Pemprov Akan Turunkan Setpol PP di Tempat Wisata

  • Bagikan
Asisten I Bidang Pemerintahan dan Kesra Sekretariat Provinsi (Sekprov) Lampung Qudrotul Ikwan. FOTO PRIMA IMANSYAH PERMANA/RADARLAMPUNG.CO.ID 

RADARLAMPUNG.CO.ID – Pemerintah Provinsi (Pemprov) Lampung menggelar rapat pengarahan terkait Hari Raya Idul Fitri 1442 H, Senin (3/5), di Ruang Abung Balai Keratun Pemprov setempat. Rapat dipimpin Asisten I Bidang Pemerintahan dan Kesra Sekretariat Provinsi (Sekprov) Lampung Qudrotul Ikwan, diikuti Kepala Dinas Pariwisata, Pelaku Usaha Pariwisata, dan lainnya.

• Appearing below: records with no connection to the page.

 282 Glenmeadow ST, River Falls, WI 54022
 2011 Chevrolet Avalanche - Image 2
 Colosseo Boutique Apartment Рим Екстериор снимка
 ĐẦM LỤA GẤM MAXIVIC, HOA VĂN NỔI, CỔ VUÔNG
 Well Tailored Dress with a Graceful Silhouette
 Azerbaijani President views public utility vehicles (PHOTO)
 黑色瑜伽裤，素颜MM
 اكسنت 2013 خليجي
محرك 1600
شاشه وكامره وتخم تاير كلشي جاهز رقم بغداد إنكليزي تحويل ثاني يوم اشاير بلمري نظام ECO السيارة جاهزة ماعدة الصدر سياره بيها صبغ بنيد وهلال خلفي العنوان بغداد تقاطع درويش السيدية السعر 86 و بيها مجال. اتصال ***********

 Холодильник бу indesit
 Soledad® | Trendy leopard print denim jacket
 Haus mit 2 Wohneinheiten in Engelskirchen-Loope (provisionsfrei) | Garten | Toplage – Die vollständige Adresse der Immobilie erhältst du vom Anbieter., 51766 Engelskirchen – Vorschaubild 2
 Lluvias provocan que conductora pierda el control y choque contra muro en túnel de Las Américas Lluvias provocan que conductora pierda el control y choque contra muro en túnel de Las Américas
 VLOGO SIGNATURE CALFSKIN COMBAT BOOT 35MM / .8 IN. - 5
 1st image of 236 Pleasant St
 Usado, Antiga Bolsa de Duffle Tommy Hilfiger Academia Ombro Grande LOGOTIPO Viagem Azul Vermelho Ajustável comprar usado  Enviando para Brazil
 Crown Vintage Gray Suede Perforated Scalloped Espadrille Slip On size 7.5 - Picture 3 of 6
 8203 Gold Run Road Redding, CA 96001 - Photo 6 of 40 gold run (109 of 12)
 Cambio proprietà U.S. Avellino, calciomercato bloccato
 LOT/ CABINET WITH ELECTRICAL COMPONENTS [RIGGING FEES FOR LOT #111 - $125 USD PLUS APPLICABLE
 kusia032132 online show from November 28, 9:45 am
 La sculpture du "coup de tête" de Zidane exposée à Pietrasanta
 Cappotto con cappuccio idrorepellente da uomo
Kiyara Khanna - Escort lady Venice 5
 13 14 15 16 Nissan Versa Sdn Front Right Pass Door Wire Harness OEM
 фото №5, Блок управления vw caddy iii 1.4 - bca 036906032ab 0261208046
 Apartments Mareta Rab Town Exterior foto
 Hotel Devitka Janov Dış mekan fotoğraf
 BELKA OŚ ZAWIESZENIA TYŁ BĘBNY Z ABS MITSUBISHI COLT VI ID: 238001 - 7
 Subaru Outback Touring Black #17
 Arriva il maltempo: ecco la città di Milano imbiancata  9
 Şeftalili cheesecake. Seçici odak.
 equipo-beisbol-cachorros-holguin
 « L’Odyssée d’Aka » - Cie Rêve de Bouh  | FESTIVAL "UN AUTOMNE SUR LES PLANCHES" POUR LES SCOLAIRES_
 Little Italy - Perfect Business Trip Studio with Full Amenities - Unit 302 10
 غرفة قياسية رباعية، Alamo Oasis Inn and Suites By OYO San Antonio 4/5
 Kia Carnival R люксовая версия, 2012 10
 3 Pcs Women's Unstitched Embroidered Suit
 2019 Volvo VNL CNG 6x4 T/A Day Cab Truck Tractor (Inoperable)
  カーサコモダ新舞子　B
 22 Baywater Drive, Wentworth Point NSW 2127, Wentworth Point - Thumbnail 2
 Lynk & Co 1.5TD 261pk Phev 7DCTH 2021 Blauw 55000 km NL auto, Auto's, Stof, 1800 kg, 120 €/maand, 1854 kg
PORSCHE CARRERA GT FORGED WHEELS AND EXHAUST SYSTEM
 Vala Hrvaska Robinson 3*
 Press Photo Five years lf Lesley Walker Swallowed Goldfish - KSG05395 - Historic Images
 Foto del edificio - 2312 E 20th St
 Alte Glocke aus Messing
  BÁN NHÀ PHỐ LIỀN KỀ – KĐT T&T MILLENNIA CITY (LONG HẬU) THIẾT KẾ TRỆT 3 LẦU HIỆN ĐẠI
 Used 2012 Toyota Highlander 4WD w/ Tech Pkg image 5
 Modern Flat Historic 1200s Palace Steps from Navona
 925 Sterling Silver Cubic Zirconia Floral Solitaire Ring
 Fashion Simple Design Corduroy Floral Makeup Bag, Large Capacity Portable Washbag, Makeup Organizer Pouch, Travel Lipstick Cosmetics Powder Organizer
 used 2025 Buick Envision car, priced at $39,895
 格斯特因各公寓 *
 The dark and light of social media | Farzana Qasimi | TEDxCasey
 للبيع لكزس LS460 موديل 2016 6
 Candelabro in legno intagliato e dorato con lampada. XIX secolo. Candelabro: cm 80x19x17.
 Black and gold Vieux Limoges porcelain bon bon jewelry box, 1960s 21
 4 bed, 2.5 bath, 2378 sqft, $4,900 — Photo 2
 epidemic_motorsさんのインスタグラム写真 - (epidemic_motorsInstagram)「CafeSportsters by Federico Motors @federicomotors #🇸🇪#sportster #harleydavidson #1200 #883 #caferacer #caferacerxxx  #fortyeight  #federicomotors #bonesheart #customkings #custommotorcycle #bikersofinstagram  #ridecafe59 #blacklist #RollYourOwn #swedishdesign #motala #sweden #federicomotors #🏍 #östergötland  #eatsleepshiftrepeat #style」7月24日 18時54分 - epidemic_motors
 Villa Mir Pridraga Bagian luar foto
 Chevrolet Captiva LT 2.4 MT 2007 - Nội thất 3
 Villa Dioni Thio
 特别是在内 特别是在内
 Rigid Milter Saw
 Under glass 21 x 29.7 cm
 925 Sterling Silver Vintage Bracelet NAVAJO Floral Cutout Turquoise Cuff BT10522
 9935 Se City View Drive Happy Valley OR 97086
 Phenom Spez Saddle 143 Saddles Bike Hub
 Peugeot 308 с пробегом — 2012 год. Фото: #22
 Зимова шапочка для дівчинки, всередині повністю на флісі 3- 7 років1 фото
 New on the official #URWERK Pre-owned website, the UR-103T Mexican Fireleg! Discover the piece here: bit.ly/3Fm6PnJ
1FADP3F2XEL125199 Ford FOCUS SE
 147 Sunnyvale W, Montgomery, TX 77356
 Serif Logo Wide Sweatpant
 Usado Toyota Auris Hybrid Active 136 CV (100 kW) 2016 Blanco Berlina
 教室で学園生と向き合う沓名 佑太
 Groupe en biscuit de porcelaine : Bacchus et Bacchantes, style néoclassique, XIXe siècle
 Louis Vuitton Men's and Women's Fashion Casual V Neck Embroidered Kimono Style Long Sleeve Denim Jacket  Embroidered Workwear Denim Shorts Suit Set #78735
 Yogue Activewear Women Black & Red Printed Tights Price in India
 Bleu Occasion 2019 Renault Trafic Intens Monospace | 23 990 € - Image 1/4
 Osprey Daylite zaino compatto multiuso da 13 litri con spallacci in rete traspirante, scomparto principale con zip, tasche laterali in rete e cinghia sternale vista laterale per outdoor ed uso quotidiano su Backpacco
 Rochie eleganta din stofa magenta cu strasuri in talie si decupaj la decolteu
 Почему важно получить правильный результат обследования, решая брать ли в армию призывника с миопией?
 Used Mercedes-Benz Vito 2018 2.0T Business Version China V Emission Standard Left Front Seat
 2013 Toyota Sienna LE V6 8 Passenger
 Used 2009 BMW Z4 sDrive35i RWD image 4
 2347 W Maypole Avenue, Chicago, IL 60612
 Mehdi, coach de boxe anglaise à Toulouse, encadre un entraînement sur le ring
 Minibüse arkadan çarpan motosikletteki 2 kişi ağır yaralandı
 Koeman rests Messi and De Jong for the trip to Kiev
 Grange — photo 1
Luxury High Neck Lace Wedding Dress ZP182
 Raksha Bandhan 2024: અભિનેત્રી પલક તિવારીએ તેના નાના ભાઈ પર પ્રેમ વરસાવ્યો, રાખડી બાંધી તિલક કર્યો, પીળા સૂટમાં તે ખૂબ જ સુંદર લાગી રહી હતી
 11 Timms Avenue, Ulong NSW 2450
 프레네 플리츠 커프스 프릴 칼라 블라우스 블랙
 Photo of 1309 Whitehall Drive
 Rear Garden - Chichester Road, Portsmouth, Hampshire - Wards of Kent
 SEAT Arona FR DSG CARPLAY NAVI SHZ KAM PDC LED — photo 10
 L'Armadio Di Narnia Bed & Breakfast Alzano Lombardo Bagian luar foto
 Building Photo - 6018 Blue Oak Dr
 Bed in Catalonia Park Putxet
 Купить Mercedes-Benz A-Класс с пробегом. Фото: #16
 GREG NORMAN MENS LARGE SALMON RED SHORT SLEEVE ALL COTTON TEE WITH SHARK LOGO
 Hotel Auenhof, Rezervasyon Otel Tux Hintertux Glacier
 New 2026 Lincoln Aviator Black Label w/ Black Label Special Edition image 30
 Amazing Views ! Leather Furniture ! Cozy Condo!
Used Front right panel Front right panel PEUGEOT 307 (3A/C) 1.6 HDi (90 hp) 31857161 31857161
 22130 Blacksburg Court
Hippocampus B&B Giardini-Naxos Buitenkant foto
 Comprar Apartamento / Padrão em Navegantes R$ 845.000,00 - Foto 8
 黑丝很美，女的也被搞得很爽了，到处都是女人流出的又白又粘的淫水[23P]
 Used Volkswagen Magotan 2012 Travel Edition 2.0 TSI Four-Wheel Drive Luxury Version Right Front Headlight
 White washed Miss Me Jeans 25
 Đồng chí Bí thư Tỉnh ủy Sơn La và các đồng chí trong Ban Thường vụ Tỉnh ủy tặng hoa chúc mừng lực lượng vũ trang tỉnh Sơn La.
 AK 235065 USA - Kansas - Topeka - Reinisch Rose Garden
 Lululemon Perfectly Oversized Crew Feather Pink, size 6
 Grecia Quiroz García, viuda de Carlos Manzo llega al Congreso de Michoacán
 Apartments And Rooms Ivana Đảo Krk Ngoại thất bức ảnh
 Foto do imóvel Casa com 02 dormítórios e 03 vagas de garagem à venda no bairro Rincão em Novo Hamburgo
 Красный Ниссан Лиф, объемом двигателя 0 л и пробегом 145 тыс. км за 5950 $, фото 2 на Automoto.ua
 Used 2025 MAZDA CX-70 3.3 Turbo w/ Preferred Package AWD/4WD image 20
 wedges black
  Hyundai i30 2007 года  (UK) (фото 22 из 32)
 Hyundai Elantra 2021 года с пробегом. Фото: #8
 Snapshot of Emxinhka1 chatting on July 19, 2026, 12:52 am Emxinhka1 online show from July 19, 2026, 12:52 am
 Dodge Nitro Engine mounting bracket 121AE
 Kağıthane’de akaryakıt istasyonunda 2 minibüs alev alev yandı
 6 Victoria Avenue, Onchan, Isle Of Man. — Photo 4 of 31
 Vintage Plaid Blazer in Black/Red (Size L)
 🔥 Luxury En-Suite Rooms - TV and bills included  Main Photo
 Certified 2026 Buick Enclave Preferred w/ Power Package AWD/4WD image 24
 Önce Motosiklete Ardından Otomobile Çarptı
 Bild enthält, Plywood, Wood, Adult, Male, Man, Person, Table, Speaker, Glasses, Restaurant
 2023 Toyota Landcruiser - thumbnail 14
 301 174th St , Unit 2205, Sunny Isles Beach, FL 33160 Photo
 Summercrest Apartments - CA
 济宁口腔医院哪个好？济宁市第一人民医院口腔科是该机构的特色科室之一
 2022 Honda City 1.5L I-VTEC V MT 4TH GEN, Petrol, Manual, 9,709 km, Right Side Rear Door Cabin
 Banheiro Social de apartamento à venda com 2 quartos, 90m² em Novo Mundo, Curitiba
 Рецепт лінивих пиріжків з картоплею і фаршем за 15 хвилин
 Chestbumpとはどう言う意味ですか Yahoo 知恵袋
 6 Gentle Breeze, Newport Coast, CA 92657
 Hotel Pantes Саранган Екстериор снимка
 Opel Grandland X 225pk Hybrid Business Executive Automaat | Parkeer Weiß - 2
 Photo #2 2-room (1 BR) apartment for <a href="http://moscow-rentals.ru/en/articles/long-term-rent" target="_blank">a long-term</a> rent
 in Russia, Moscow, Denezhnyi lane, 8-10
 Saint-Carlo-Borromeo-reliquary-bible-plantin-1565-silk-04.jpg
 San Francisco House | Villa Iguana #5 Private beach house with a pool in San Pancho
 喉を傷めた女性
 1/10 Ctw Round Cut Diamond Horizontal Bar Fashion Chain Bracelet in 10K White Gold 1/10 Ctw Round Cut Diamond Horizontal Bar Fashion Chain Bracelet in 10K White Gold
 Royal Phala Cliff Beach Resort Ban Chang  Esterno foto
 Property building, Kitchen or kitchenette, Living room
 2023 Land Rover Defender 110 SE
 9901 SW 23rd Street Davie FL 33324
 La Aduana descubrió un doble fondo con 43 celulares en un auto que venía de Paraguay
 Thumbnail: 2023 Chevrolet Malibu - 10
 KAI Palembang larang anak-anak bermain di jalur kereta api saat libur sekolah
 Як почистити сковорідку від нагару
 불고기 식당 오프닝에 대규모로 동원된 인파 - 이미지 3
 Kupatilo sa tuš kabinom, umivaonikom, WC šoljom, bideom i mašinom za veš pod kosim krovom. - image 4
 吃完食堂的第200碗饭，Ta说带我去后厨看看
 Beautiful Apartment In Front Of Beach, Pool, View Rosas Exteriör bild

Qudrotul mengatakan, forum-forum seperti itu merupakan salah satu bentuk pemantau penyebaran Covid-19. Di mana, hari ini pihaknya membahas pengawasan Posko PPKM Sekala Mikro dan Pengawasan Pariwisata.

“Kita pertemuan dengan pelaku wisata, meskipun kebijikan pimpinan kita tidak menutup kegiatan wisata. Tapi kita melakukan kegiatan itu dengan benar-benar terukur, artinya penerapan prokes Covid-19 ketat,” ujarnya, Senin (3/5).

Baca Juga:   Polhut Amankan Satu Truk Pembawa 25 Batang Sonokeling dari Tahura WAR

Selanjutnya, kata Qudrotul, Kepala Dinas Pariwisata akan membuat perjanjian dengan pelaku usaha yang ini membuka usaha pariwisatanya. “Jadi dengan forum ini kita koordinasi pengawasan,” ucapnya.

Pihaknya pun telah merencanakan pengetatan pengawasan oleh Satpol PP saat lebaran dan seterusnya di lokasi wisata. “Nanti kita atur apakah bersama TNI-Polri atau Pol PP saja. Yang jelas Pol PP kita tempatkan di tempat wisata,” terangnya.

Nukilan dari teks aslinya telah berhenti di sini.